Hot Air Roasting Method
In this method, the beans are roasted on a hot air current.
Green coffee beans are mostly roasted at around 400 degrees Fahrenheit. After going through roasting process, coffee beans usually increase by half but concurrently losing considerable weight.
Mostly beans are roasted at home in an ordinary frying pan. Unfortunately, after roasting, coffee doesn’t keep the aroma for a long time. Therefore, don’t roast more coffee than you can finish in a week or two or you will be force to keep them in jars with well fitted lids in the freezer.
Brewing is one process of making you can either crown or break the final product. This is why even before describing the process, it is important we outline the rules to be observed.
- Always keep the coffee maker clean, and thoroughly rinse it with hot water before brewing
- If you work in an area with hard water or alkaline, once in a while run a strong solution of vinegar in order to clean out deposits of lime on the brewer and rinse thoroughly.
- Always use fresh water, free from alkaline and impurities.
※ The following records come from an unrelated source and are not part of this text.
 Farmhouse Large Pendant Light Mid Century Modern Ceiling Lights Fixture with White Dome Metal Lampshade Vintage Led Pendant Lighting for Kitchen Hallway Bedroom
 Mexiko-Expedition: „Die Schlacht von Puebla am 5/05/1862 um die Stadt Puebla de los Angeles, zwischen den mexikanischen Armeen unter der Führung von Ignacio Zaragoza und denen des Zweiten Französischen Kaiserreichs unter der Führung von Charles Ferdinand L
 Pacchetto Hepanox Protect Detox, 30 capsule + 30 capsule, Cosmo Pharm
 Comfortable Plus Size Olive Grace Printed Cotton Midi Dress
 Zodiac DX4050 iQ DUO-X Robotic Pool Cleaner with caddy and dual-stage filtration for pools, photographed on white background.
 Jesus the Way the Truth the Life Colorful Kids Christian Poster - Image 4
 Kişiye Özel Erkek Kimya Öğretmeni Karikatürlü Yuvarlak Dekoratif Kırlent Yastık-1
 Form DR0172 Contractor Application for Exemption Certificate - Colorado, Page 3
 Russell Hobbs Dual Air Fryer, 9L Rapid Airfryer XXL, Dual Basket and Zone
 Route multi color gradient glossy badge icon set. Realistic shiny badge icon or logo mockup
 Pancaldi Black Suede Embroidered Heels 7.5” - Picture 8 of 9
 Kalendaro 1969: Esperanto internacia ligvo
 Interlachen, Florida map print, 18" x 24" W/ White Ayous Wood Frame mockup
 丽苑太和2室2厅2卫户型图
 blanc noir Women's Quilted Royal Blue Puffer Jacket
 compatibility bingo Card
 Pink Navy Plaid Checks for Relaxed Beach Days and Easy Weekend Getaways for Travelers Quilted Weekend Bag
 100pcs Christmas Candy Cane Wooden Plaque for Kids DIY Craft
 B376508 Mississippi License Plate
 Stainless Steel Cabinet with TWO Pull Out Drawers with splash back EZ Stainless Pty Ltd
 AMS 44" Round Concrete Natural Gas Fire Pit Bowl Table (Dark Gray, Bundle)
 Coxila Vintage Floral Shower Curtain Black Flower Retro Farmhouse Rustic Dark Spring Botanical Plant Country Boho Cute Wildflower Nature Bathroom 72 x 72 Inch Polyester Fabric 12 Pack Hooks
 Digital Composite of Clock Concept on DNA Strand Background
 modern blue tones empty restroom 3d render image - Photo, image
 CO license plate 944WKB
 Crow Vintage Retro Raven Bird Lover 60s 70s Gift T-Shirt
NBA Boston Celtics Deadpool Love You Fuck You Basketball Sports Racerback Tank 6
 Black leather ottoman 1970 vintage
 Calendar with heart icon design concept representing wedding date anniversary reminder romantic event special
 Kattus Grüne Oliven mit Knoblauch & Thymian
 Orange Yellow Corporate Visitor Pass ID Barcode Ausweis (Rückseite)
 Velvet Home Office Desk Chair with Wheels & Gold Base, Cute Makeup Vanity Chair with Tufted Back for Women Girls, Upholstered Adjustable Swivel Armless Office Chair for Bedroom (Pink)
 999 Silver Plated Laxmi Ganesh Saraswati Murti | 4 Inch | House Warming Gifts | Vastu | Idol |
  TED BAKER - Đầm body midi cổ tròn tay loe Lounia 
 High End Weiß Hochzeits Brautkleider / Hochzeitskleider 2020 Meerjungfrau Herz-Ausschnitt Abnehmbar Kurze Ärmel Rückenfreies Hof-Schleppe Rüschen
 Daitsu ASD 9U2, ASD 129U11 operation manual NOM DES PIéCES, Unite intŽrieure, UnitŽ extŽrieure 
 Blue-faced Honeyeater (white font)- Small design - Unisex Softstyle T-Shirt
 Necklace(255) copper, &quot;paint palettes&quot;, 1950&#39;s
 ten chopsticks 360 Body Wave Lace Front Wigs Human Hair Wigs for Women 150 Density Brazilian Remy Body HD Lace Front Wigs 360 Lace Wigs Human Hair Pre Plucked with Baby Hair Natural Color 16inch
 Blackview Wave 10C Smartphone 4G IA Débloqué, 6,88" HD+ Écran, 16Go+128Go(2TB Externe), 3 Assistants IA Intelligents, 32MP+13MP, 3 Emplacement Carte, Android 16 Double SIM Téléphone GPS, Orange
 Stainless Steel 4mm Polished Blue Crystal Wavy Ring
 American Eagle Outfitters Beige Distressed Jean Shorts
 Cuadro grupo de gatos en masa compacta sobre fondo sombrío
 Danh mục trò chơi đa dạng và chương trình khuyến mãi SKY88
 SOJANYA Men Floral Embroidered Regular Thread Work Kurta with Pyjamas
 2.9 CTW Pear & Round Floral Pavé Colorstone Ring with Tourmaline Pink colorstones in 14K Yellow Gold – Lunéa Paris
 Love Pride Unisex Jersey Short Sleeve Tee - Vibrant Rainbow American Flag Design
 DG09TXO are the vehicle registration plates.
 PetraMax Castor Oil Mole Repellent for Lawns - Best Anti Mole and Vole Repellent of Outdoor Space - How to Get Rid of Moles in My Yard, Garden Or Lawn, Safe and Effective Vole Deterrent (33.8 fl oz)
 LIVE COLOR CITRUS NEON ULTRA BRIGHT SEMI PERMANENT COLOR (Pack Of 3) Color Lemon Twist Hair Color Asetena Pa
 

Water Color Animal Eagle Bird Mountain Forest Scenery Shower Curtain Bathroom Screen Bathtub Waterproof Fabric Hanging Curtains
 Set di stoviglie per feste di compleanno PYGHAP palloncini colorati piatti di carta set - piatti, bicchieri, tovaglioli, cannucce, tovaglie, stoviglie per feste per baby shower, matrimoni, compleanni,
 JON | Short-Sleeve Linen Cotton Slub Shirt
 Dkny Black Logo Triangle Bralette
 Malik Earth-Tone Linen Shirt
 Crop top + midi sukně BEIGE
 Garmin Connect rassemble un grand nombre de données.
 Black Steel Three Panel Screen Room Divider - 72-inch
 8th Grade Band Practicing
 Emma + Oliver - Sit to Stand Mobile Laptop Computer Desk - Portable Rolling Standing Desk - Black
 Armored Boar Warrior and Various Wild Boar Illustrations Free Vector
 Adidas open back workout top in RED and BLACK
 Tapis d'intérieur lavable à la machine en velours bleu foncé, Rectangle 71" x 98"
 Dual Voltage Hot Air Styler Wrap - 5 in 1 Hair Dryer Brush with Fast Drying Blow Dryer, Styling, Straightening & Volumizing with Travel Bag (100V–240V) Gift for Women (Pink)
Use filtered or bottles water for the best results.
- If possible, brew with hot water rather than boiling or lukewarm water. The fact is, boiling water damages flavor as it vaporizes much of the coffee essence while it extracts other bitter chemicals. A temperature of 200 centigrade’s is good, which means boiling the water and then waiting for a couple of minutes to cool before the brewing.
- Ensure you grind the coffee to the finest as it can get without losing any through the holes in the filter of the coffee maker. Remember; never grind to a powder form.
- Use plenty of coffee, 2 level of tablespoons or at least 1 standard coffee measure per 12- ounce cup.
- In drip and filter systems, avoid brewing less than the brewer’s full capacity. For instance if the pot is made to brew six cups, the coffee will taste if you brew the full six.
These are the most popular methods of brewing:-
Drip Brewing Method
Manual or electronic drip brewing produces better quality coffee by allowing near boiling water to slowly drip through the coffee grounds. Ensure that the water heats to 195 F, therefore a good quality home brewer capable of maintaining the required temperature. You can transfer the brewed coffee to a thermos. For convenience sake, you might consider investing in a high quality drip brewer that drips directly into a thermos.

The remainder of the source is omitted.